Installed mine today, here are some notes and things to consider:
* Put the car in 5th gear, you don't
need to jack up the car, although its great if you can and keep everything level. I managed to proceed on a level surface in my garage.
* Make sure you take note of the belt routing, it comes in handy later.
* You're going to need an impact wrench to take the alternator off, since it's on a rotating base. The impact wrench will basically 'jerk' it suddenly with a force of torque. It's not that its on particularly tight, just impossible to loosen / tighten without a impact wrench.
- Same reason you need an impact wrench for an automatic vehicle (crank bolt). There is no 5th gear to help prevent the bolt from spinning, unless you stuck a wrench in the torque convertor.
* Spray some thread penetrate on the crank bolt and come back 10 minutes later if you're using a breaker bar. I was able to get the crank bolt off with just a 1/2'' drive breaker bar with a bit of thrust. I used my legs quite a bit to get it done, but it really wasn't too bad, it only took a few pulls and less then 5 mins. It always helps if you have a breaker bar + a cheater (just random tubing which goes over the breaker to give more length and thus more leverage). Although again, impact wrench is the optimal route for this. I have an electric wrench and it was to big (even after removing my radiator fan) to fit and not enough clearence.
* If you're going to use an breaker bar for the crank, you're probably going to have to end up removing the upper radiator hose. Make sure you have plenty of towels underneath the car (if the radiator is full), as well as a bucket to catch the spill. When your car is cold, use a vice grip to pull off the hose, to give you more room to turn your breaker bar. This would also be a good time to drain and flush your raditator. My fluid was a bit yellow in color.

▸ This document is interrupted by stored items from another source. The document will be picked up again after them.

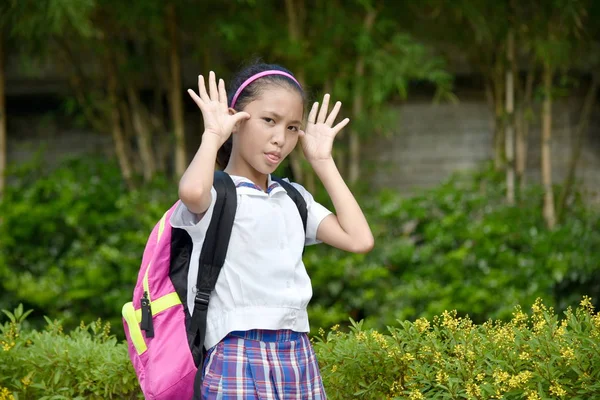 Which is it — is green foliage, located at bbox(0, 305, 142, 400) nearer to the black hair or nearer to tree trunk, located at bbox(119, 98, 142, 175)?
the black hair

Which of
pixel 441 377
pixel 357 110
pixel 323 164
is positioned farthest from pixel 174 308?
pixel 357 110

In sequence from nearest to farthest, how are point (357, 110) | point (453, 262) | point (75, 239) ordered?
point (453, 262) → point (75, 239) → point (357, 110)

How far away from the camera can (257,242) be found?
2.21 m

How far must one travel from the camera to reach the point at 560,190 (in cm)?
734

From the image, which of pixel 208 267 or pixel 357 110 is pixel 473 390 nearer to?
pixel 208 267

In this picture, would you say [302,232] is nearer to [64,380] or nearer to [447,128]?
[64,380]

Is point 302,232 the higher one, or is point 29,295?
point 302,232

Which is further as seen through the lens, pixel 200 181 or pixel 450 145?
pixel 450 145

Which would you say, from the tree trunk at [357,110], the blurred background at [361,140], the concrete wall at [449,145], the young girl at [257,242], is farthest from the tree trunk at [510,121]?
the young girl at [257,242]

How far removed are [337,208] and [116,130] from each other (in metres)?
5.45

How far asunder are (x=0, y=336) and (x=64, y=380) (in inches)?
12.8

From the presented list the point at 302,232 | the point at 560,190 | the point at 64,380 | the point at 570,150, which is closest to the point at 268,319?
the point at 302,232

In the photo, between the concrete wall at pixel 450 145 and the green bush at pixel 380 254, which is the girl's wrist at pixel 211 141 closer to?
the green bush at pixel 380 254

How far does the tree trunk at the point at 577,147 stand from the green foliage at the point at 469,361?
15.4 feet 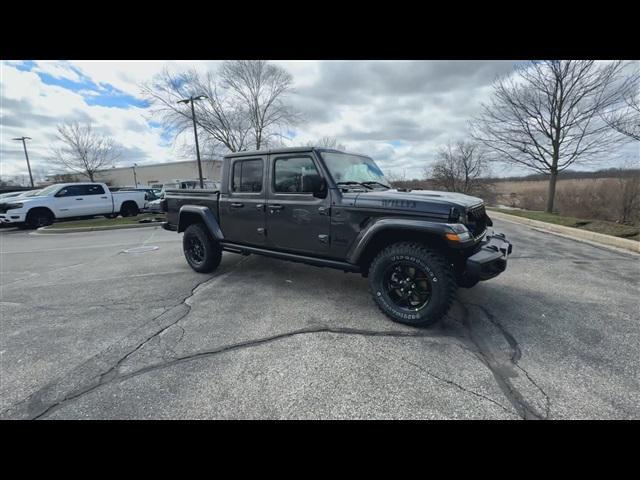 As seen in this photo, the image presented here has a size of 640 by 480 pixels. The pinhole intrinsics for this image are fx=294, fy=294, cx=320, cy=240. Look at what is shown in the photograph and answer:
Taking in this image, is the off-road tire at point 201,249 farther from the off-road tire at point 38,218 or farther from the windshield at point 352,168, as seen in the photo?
the off-road tire at point 38,218

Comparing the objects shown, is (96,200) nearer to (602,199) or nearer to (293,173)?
(293,173)

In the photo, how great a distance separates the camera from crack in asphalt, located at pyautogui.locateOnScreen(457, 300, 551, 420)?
6.43ft

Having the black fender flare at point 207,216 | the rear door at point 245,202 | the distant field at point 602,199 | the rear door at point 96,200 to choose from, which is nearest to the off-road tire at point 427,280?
the rear door at point 245,202

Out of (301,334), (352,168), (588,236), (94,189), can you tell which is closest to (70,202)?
(94,189)

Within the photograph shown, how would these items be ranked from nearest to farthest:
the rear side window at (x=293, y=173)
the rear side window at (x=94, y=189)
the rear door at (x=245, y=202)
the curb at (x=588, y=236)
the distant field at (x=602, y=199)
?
the rear side window at (x=293, y=173) → the rear door at (x=245, y=202) → the curb at (x=588, y=236) → the distant field at (x=602, y=199) → the rear side window at (x=94, y=189)

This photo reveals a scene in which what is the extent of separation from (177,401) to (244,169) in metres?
3.27

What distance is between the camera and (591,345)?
2762mm

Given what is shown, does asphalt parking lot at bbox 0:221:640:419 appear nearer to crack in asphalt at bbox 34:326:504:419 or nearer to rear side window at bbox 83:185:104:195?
crack in asphalt at bbox 34:326:504:419

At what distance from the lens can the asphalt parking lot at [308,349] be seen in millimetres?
2049

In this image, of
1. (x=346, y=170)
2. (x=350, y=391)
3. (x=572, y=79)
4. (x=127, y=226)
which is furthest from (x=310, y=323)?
(x=572, y=79)

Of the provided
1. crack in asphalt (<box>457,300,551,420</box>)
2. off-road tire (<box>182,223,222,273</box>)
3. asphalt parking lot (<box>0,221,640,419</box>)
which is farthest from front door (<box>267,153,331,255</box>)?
crack in asphalt (<box>457,300,551,420</box>)

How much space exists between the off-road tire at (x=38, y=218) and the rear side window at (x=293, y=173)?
13490 millimetres

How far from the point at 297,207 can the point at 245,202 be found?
100 centimetres

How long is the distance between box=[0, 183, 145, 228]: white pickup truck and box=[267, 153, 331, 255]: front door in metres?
13.3
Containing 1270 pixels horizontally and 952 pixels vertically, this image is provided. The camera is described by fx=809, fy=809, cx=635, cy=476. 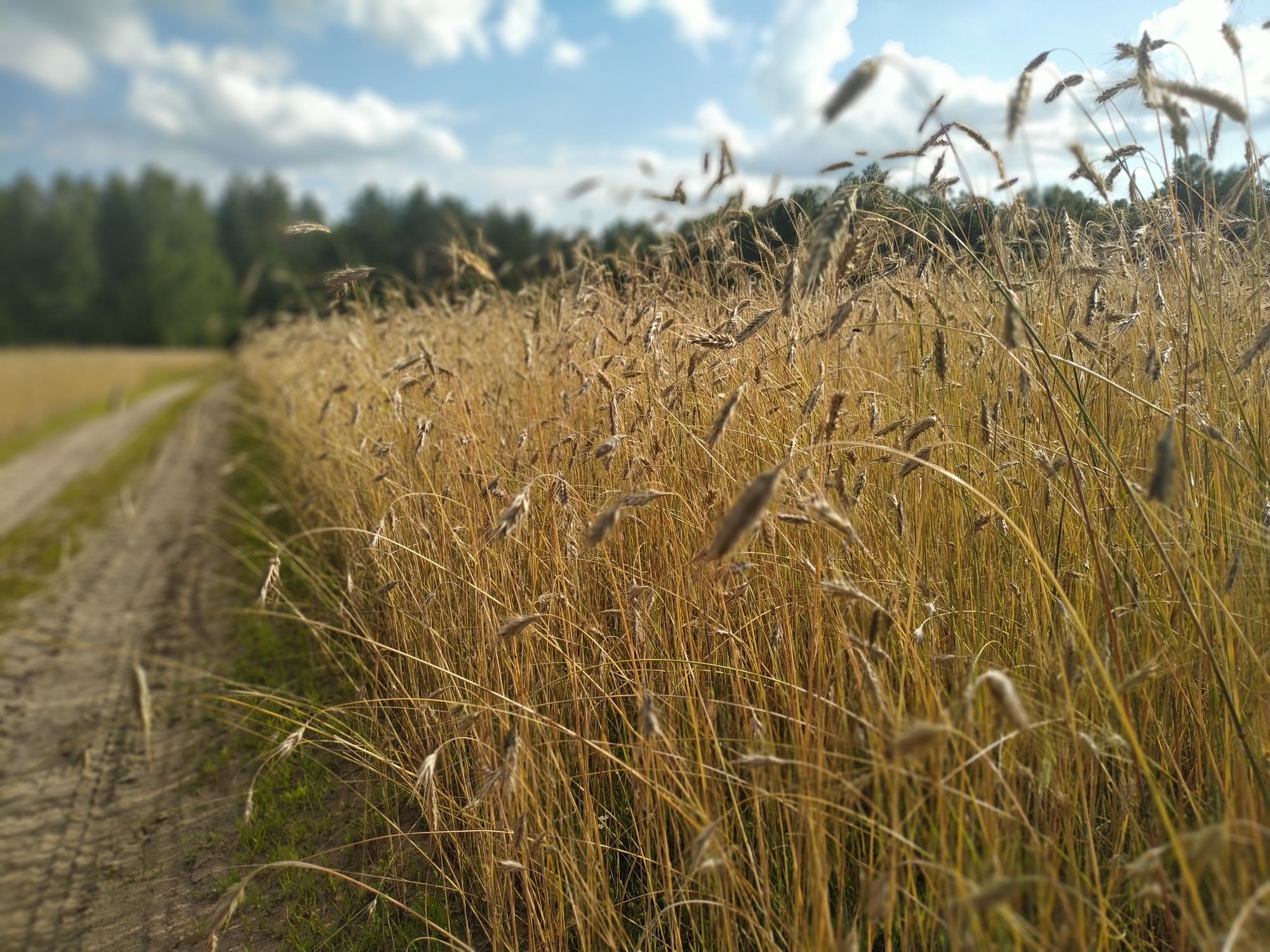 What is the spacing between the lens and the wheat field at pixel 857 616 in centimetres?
158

* You're going to need a harmonic balancer pulley puller from Schucks / Checker / Napa / Sears. Mine cost $15, and some how I broke the stupid thing, leaving the bolts snapped into and broken in half in the pulley. Basically I was dead in the water until I figured out a way to use my tire iron (supplied with your spare tire and jack) as a sort of crow bar to eventually pry the pulley off, since I wasn't able to use a puller anymore and really in a bad situation.
If you need to pry the sucker off, do it. Just be careful and work it slowly back and forth so you're not damaging the timing cover (I scratched mine a little). It'll nudge ever so slightly, but this is one way to get the pulley off. But maybe I was just lucky. I wouldn't suggest this method, but if worst comes to worst it's possible. I think I'd be a little concerned the whole prying action to bend the little housing to the crank / oil seal.
* After everything is removed, the rest of the installation is a breeze really. I used the Steeda supplied *longer* bolt to push the new pulley in about 75% with the stock washer then switched back the stock crank bolt to its final resting location and being torqued down.
* I was able to do this all myself, without any assistance including re installing the belt and routing it. Although I've done this to many other cars several times, it just takes a little practice to know how to use the tensioner belt to your advantage.
* Double, triple check your belt routing is in place correctly and the belt grooves fit into place with the pulleys.
* Put everything back together, fire up the car and hope you put everything on correctly.

Now go enjoy your new mod.
My pullies felt like it woke the car up slightly on the upper rpms, but I did feel a little difference in the power. Nothing major, but ever little thing helps in the end.